Across 190 nations, Headspace has more than 65 million members. To help you find your feet, hundreds of guided meditations and whimsical animations, Olympian-led daily exercises, and daily meditations on a new subject every day. “SOS” sessions are meant to support users who wake up at night and struggle to get back to sleep. The app has recently undergone several developments and now provides a sleek and modern meditation approach. For anyone wanting to learn the basics of meditation and mindfulness, it’s a perfect option.
Balance.com is a free app that teaches you how to meditate in a no-fuss way. Simple language and techniques help you focus on your breathing and improve your visualization. Free sessions include morning meditations, nature sounds, and open sessions to help with gratitude. All users get a 10-day foundation plan based on their goals for free – and there’s an option to subscribe. We loved the short, guided meditations and found that our focus improved thanks to the simple explanations dramatically. The app is excellent for beginners or short of time – we could tailor sessions to as little as three minutes.
6. Simple Habit
Good-quality guided meditations that help relieve stress do. The reflections themselves are timed well and provide useful guidance. When they open it for the first time, users are asked to select topics that concern them. If you don’t want to pay for the optional membership, lots of the content is free to use. The software itself is clean and modern, with a simple interface that feeds and is easy to use. For those seeking a full-blown subscription, it is a bit on the steep side.

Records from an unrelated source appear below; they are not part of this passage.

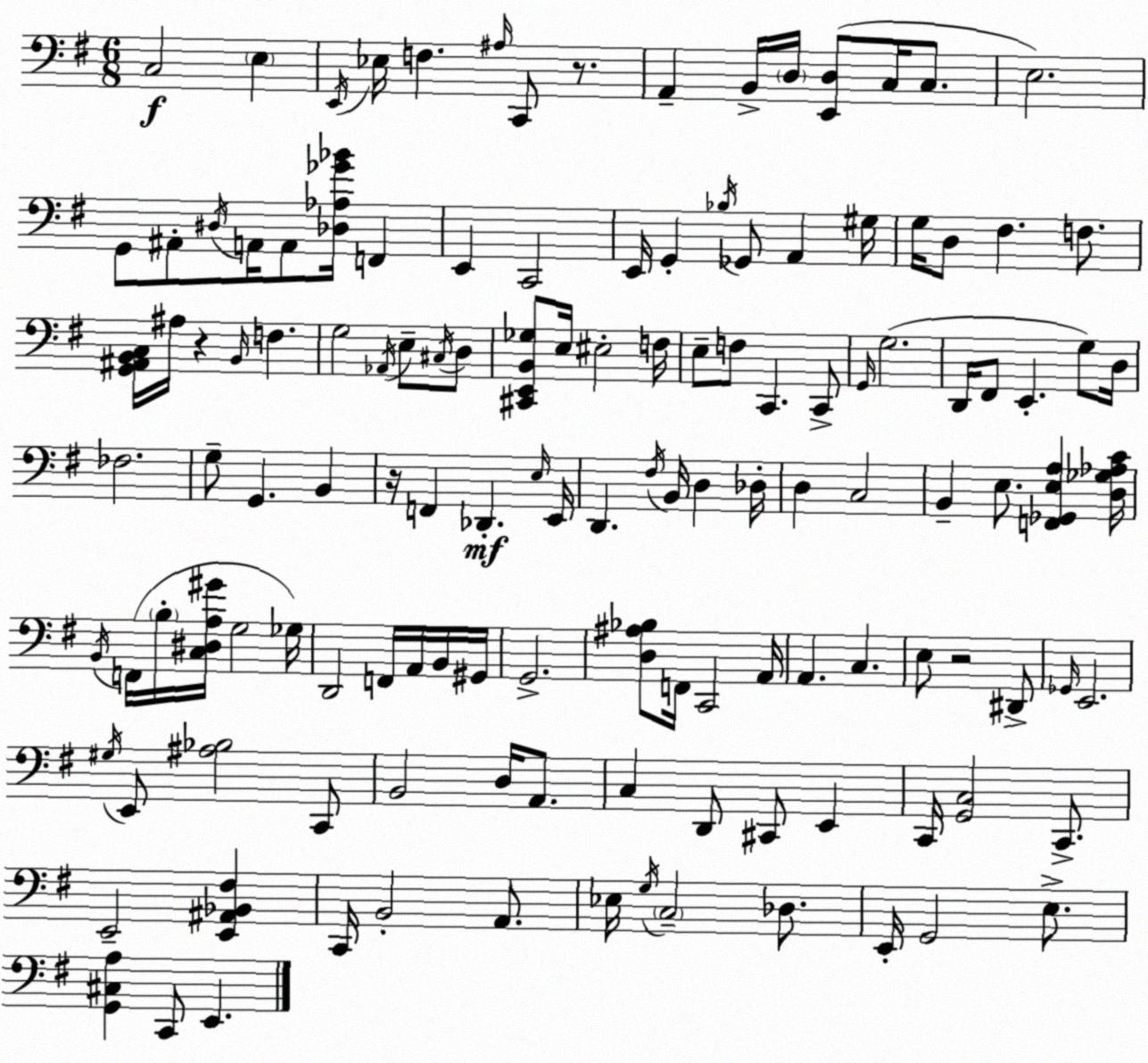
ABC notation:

X:1
T:Untitled
M:6/8
L:1/4
K:Em
C,2 E, E,,/4 _E,/4 F, ^A,/4 C,,/2 z/2 A,, B,,/4 D,/4 [E,,D,]/2 C,/4 C,/2 E,2 G,,/2 ^A,,/2 ^D,/4 A,,/4 A,,/2 [_D,_A,_G_B]/4 F,, E,, C,,2 E,,/4 G,, _B,/4 _G,,/2 A,, ^G,/4 G,/4 D,/2 ^F, F,/2 [G,,^A,,B,,C,]/4 ^A,/4 z B,,/4 F, G,2 _A,,/4 E,/2 ^C,/4 D,/2 [^C,,E,,B,,_G,]/2 E,/4 ^E,2 F,/4 E,/2 F,/2 C,, C,,/2 G,,/4 G,2 D,,/4 ^F,,/2 E,, G,/2 D,/4 _F,2 G,/2 G,, B,, z/4 F,, _D,, E,/4 E,,/4 D,, ^F,/4 B,,/4 D, _D,/4 D, C,2 B,, E,/2 [F,,_G,,E,A,] [D,_G,_A,C]/4 B,,/4 F,,/4 B,/4 [C,^D,A,^G]/4 G,2 _G,/4 D,,2 F,,/4 A,,/4 B,,/4 ^G,,/4 G,,2 [D,^A,_B,]/2 F,,/4 C,,2 A,,/4 A,, C, E,/2 z2 ^D,,/2 _G,,/4 E,,2 ^G,/4 E,,/2 [^A,_B,]2 C,,/2 B,,2 D,/4 A,,/2 C, D,,/2 ^C,,/2 E,, C,,/4 [G,,C,]2 C,,/2 E,,2 [E,,^A,,_B,,^F,] C,,/4 B,,2 A,,/2 _E,/4 G,/4 C,2 _D,/2 E,,/4 G,,2 E,/2 [G,,^C,A,] C,,/2 E,,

7. Openfit – Fitness & Nutrition
Openfit is a digital all-in-one platform and app that incorporates exercise, nutrition, meditation, and well-being. 13 separate sessions of sound meditation, spanning from 10 minutes to 45 minutes, to choose from. High-quality videos for each session “as live” so that you can see the facilitator. It’s worth it, a little more costly than the other apps, but given the variety and volume of content.
8. Insight Timer
Insight Timer is something like a meditators’ social network. It helps you see who is nearby and invite friends to join you and a world map showing you how many people are meditating at any moment. There are also cultural organizations where you are invited to engage in meetings around the UK or speak about everything from poetry to Hinduism.
As for the material, with a free library of guided meditations at 30,000 and counting, Insight Timer says it is the most common meditation timer in the world. These range from beginners’ flow to sessions focused on self-love, healthier relationships, and addictions to overcome.
When on the go, the adjustable timer function is suitable for brief meditations, and you can even choose whether you want ambient background sounds or ending bells. This is a fantastic app with lots of content, but it can be overwhelming for a novice. If you’re able to put the time in to figure out what works for you, we suggest sticking with it, though. Premium offers you additional courses and offline listening if you need even more material.
It is worth thinking about what you need and what you want while looking to find the right app. If, for example, you can’t bear the voice of the facilitator, then you’re going to find it difficult to relax. There’s an app that can do that if you want motivational messages sent out when you know you’re going to be depressed.
If you would like to monitor how you feel by answering simple questions, rather than sitting through guided meditation, audio-focused applications and mindfulness journals also exist.
We’ve listed the best apps above around the market to help you find the right one. Including those tailored for “fidgety skeptics” to those who give personalized meditations based on how you feel, we have rounded up the best, so you know what to expect, whether you’re a complete beginner a seasoned professional.